What about Durant’s resilience? I see Durant’s resilience as tied in with his scalability and fit. If you put him next to an offensive star like young Westbrook, Curry, Harden who can handle the playmaking and dribble, then Durant becomes incredibly resilient in a finishing ceiling-raising role with less defensive attention. Put him on a team where he’s the primary playmaker and the primary focus of the defense like in 2013 or 2022, and his poorer handle, passing, and decision making let him down. Notably Durant also has imperfect postseason health (2015, 2017, 2019, 2020), though it’s absolutely not as poor as Paul.
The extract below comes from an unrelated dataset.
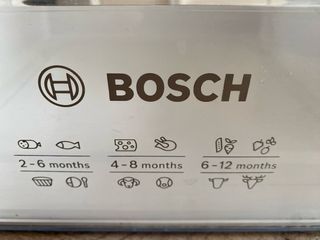 3 Cajones Congelador Bosch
Dr J too suffers from a decline in volume from poor fit in the late 70s, though he was perceived as having less of a postseason-specific decline (one wonders if that was because he had already declined in the regular season).
Here's Dr J's ranking *on his own team* in NBA regular season AuPM: 1st in 77, 2nd in 78, 4th in 79, 1st in 80, 3rd in 82, 1st in 82, 3rd in 83, 1st in 84, 6th in 85.. Now we're missing his best years in the ABA, and like Durant with the Warriors, Dr J had some great and resilient performance with a better fit. But this is pretty inconsistent performance in the middle of his prime: he was ranked 4th on his own team at age 28, 3rd on his own team at age 30.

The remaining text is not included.